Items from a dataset
************
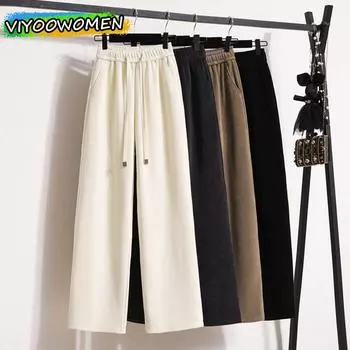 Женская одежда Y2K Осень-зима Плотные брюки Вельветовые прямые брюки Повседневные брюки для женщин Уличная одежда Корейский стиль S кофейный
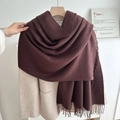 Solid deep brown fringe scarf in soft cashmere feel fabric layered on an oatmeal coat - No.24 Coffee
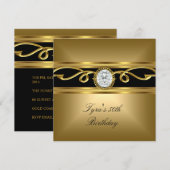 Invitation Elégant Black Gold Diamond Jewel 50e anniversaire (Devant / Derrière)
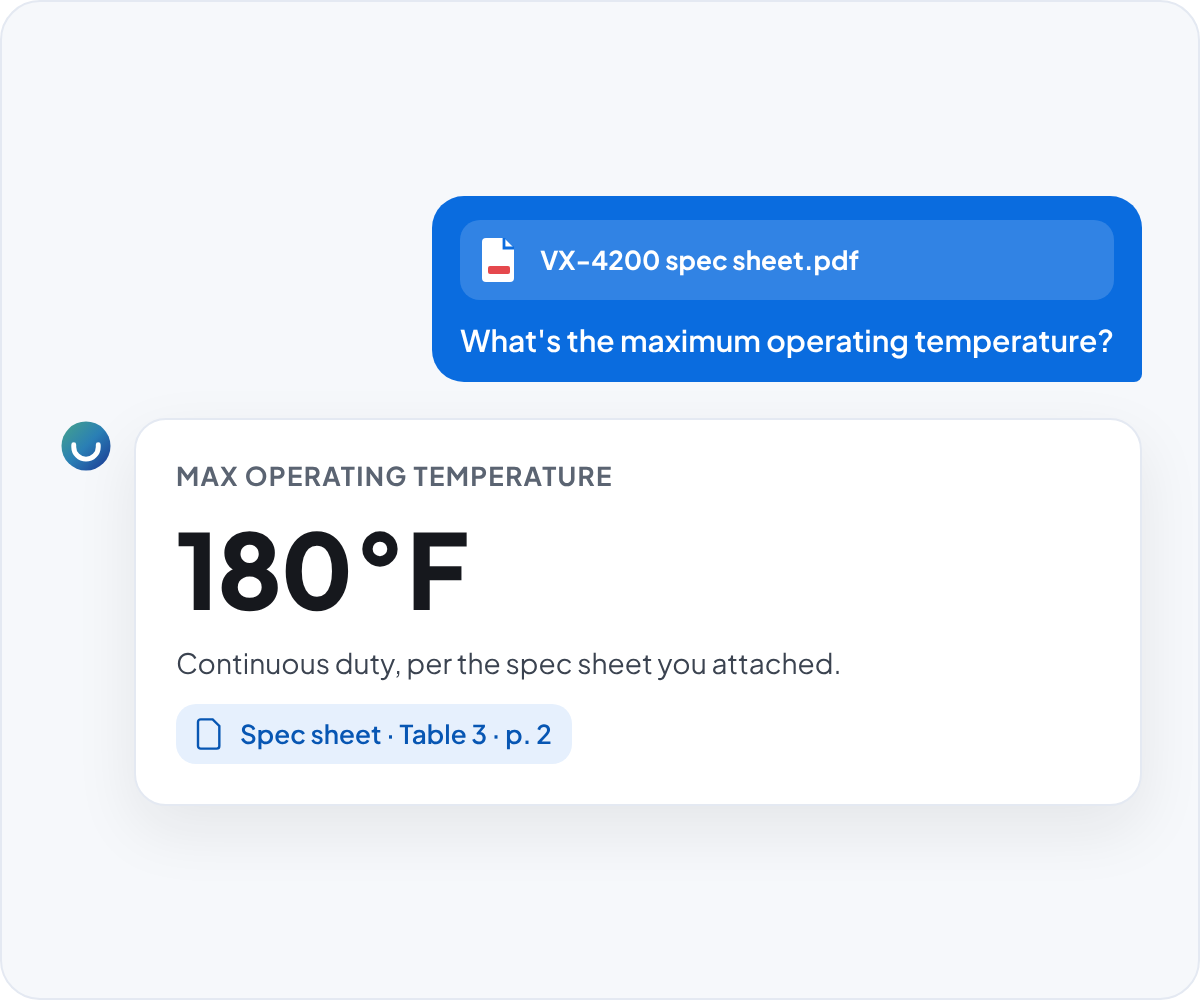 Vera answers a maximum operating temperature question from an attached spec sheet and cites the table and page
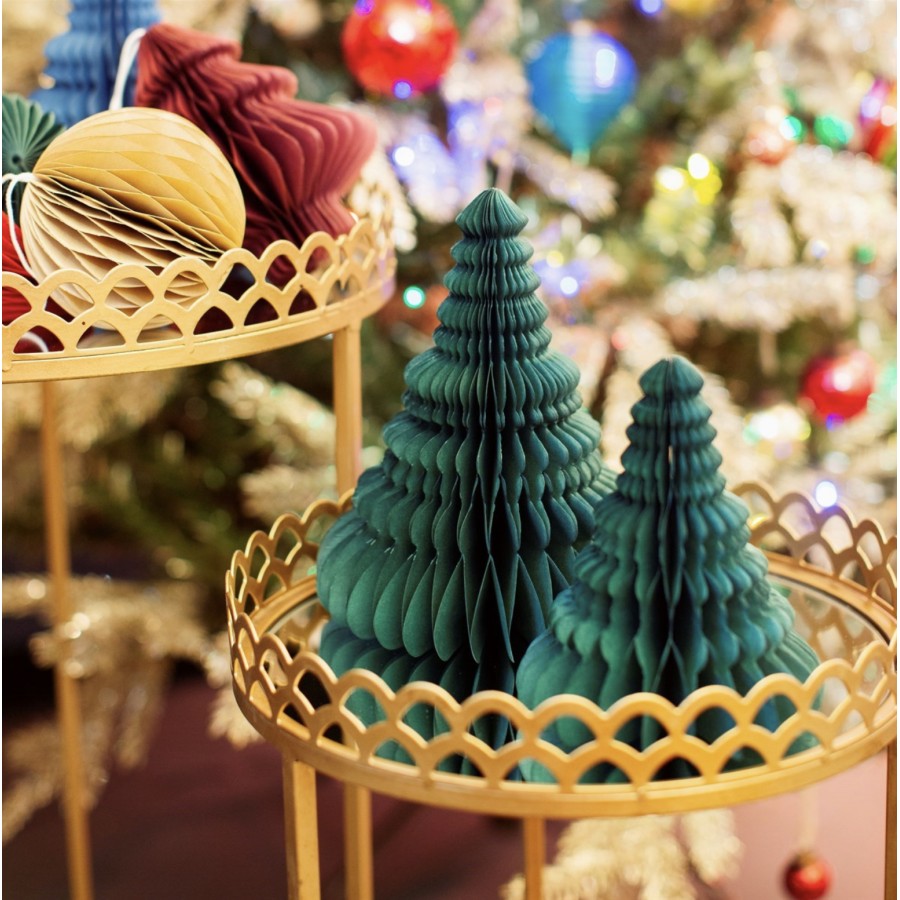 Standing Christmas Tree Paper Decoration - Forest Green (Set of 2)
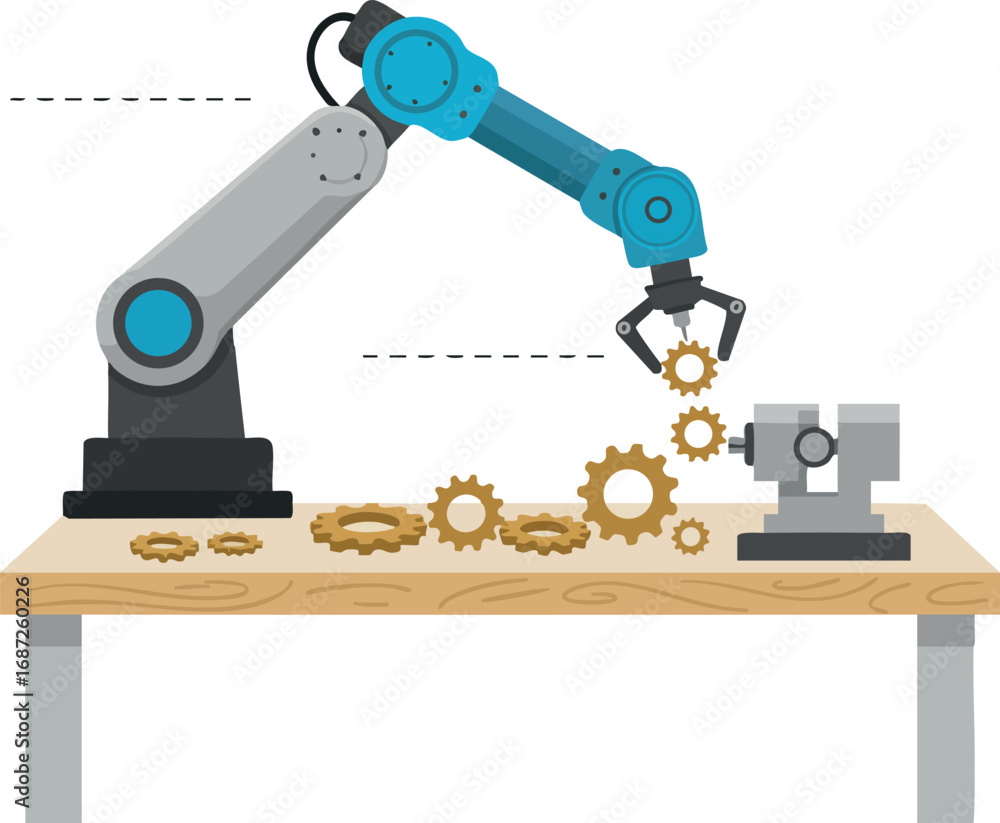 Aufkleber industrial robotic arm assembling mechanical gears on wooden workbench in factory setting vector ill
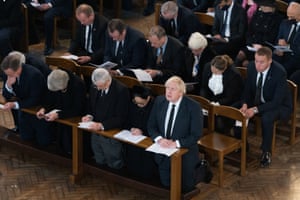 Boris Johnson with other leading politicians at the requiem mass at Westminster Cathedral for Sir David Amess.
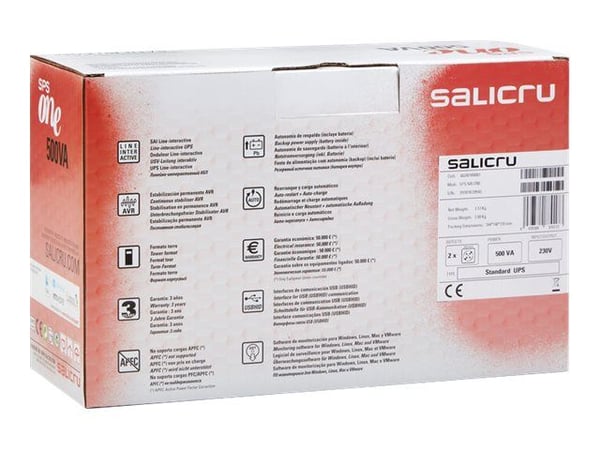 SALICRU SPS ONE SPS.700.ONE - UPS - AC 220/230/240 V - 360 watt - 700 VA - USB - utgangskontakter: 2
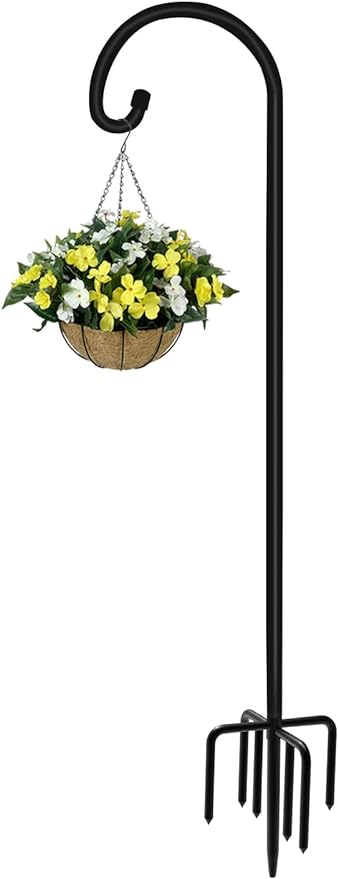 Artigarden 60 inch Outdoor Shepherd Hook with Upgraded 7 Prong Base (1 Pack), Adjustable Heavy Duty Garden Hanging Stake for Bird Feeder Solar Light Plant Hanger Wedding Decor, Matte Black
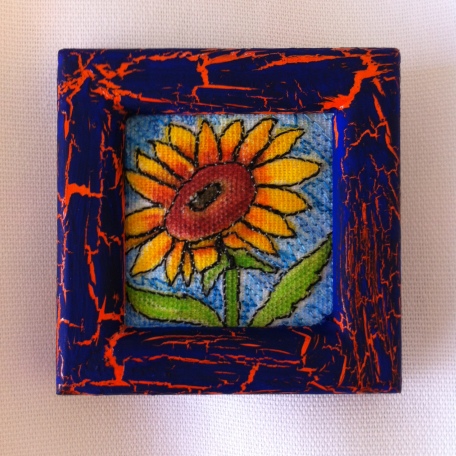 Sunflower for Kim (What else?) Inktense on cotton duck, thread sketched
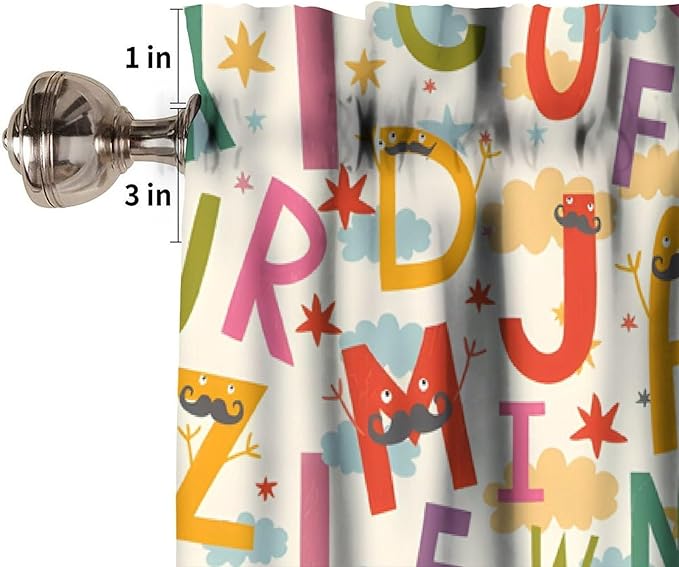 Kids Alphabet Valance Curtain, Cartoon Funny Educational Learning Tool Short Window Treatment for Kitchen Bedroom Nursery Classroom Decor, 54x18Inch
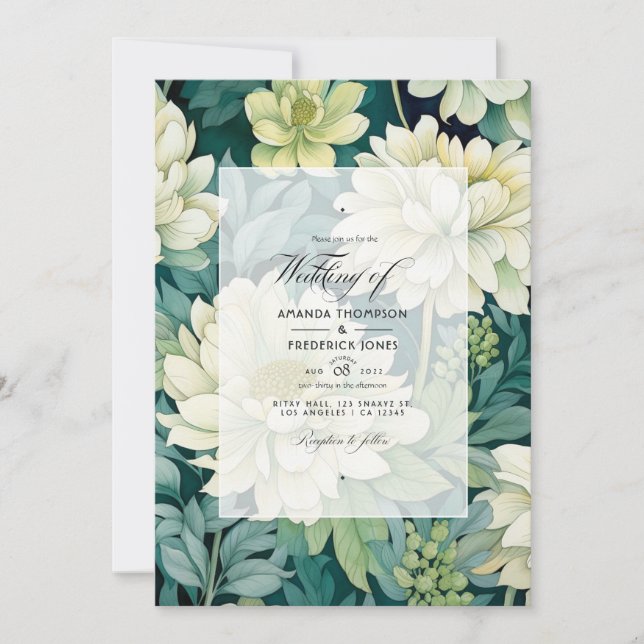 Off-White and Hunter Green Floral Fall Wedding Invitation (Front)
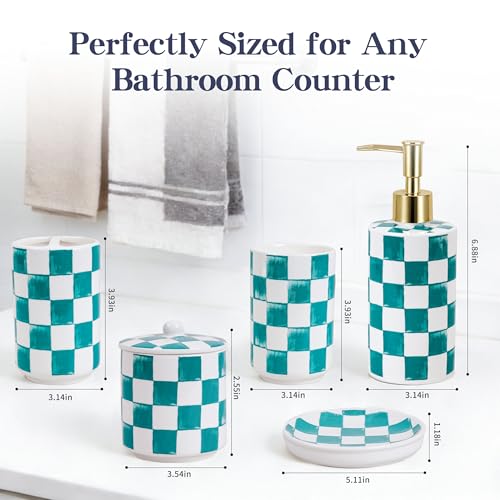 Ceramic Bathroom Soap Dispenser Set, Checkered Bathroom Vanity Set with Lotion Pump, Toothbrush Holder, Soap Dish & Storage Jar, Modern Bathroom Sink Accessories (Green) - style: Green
************
== Exercise goal ==
The lines from the start of the records above through the line that holds "Standing Christmas Tree" are to be copied exactly, both ends included, and no pictures are to be copied.

== Result for this task ==
 Женская одежда Y2K Осень-зима Плотные брюки Вельветовые прямые брюки Повседневные брюки для женщин Уличная одежда Корейский стиль S кофейный
 Solid deep brown fringe scarf in soft cashmere feel fabric layered on an oatmeal coat - No.24 Coffee
 Invitation Elégant Black Gold Diamond Jewel 50e anniversaire (Devant / Derrière)
 Vera answers a maximum operating temperature question from an attached spec sheet and cites the table and page
 Standing Christmas Tree Paper Decoration - Forest Green (Set of 2)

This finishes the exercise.